**Try it:**
Send back the data below exactly. Drop every picture.

**Supplied data:**
*-*-*
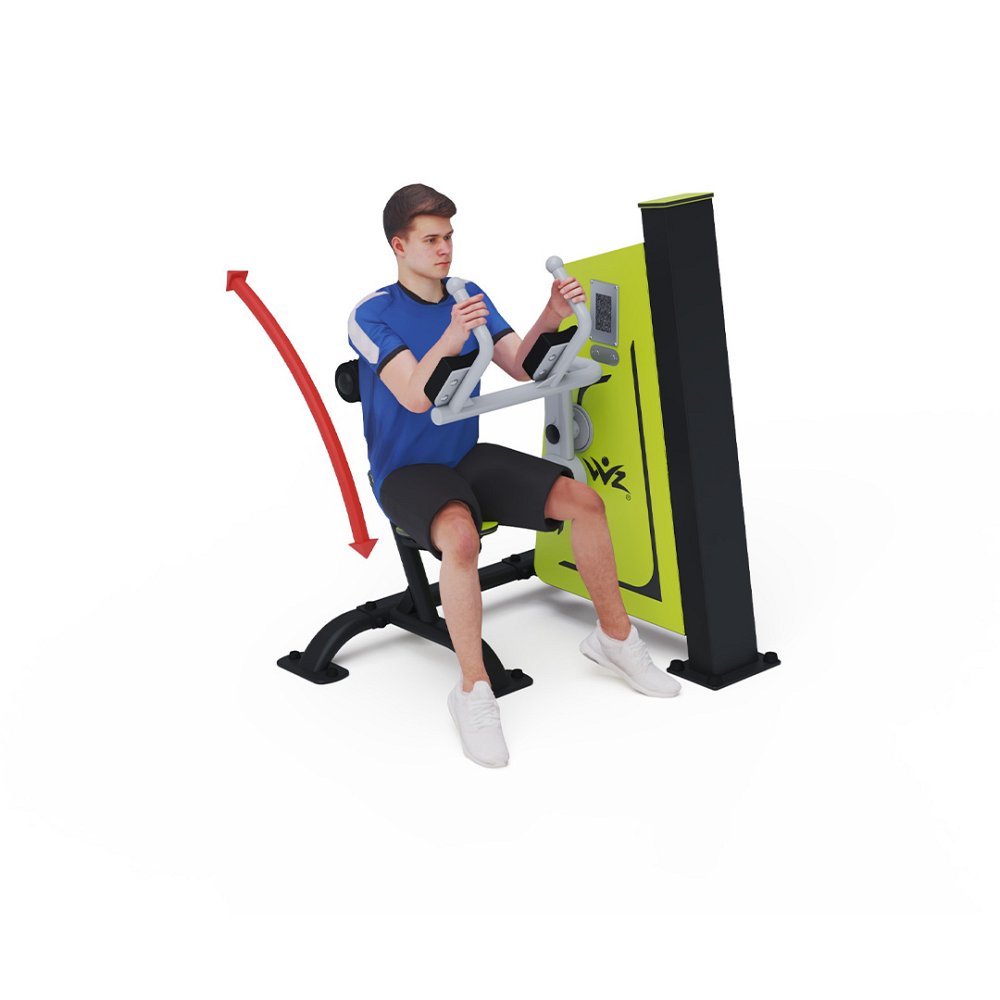 SNF05 Posilňovač brušných svalov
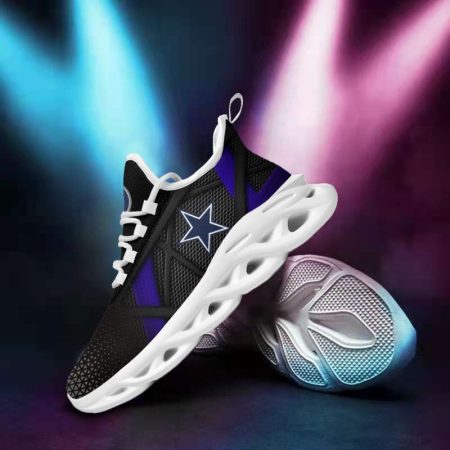 Dallas Cowboys NFL Max Soul Shoes Sneakers For Men And Women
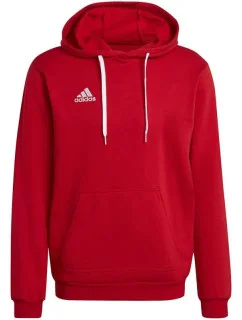 Pánská mikina Entrada 22 Hoody M H57514 červená - Adidas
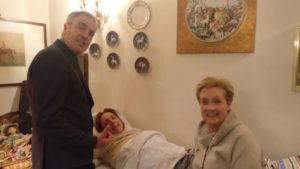 Sindaco Valentini e assessore Ferretti fanno visita a Sandra Pelosi: "Possibile una soluzione"
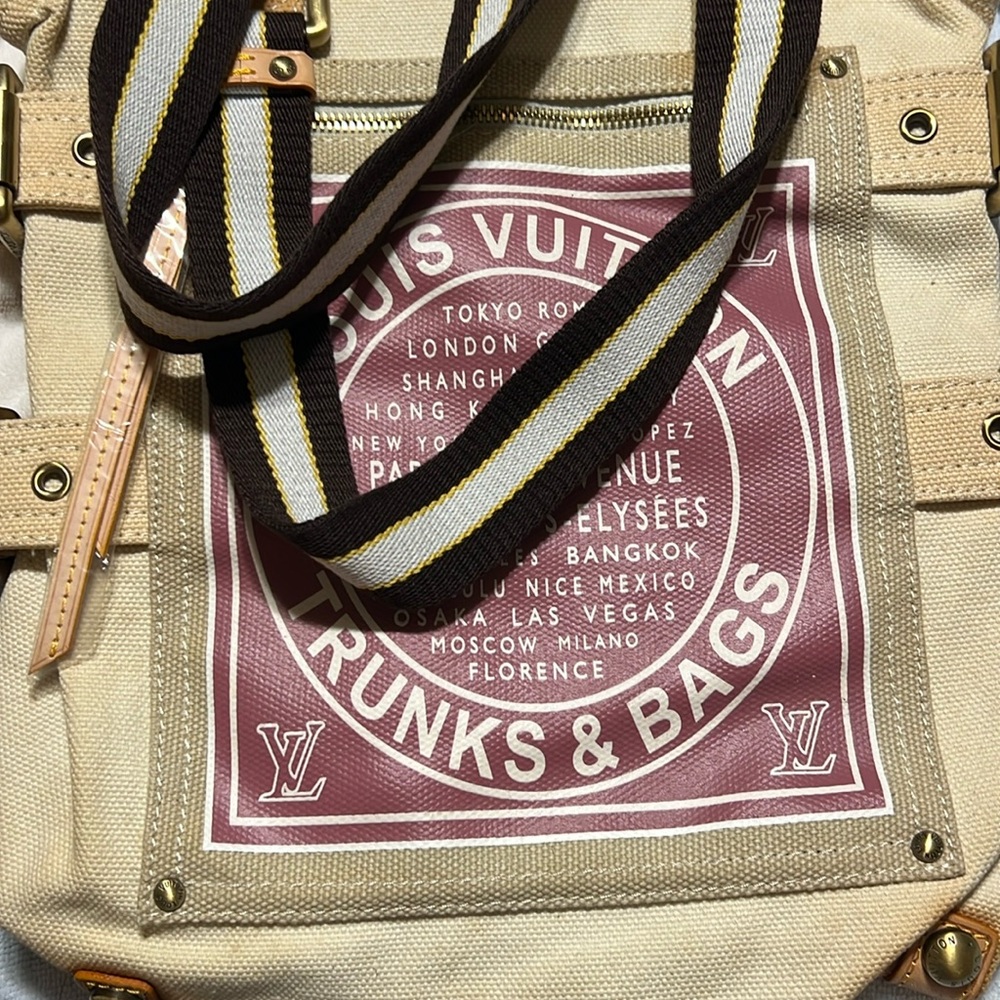 Designer Trunk Bag Open to offers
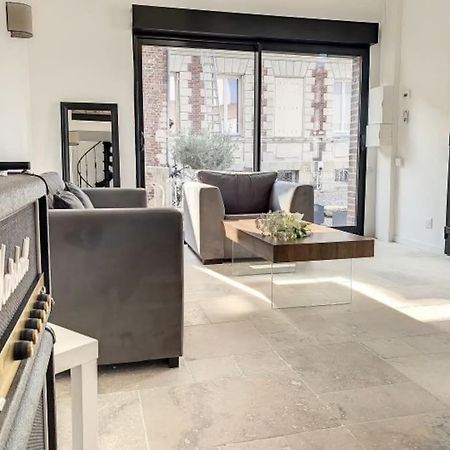 Appartamento Le Maurice 6 - Duplex Compiègne Esterno foto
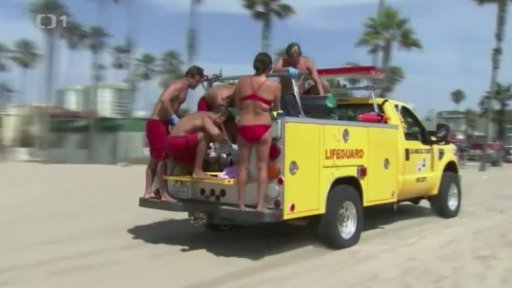 Bouře a požáry v USA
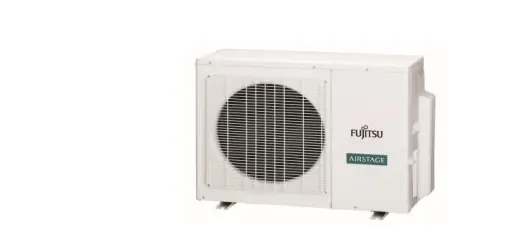 Fujitsu AOU18RLXFZ Outdoor Unit only - 18,000 BTU Multi Zone System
*-*-*
**Answer for this exercise:**
 SNF05 Posilňovač brušných svalov
 Dallas Cowboys NFL Max Soul Shoes Sneakers For Men And Women
 Pánská mikina Entrada 22 Hoody M H57514 červená - Adidas
 Sindaco Valentini e assessore Ferretti fanno visita a Sandra Pelosi: "Possibile una soluzione"
 Designer Trunk Bag Open to offers
 Appartamento Le Maurice 6 - Duplex Compiègne Esterno foto
 Bouře a požáry v USA
 Fujitsu AOU18RLXFZ Outdoor Unit only - 18,000 BTU Multi Zone System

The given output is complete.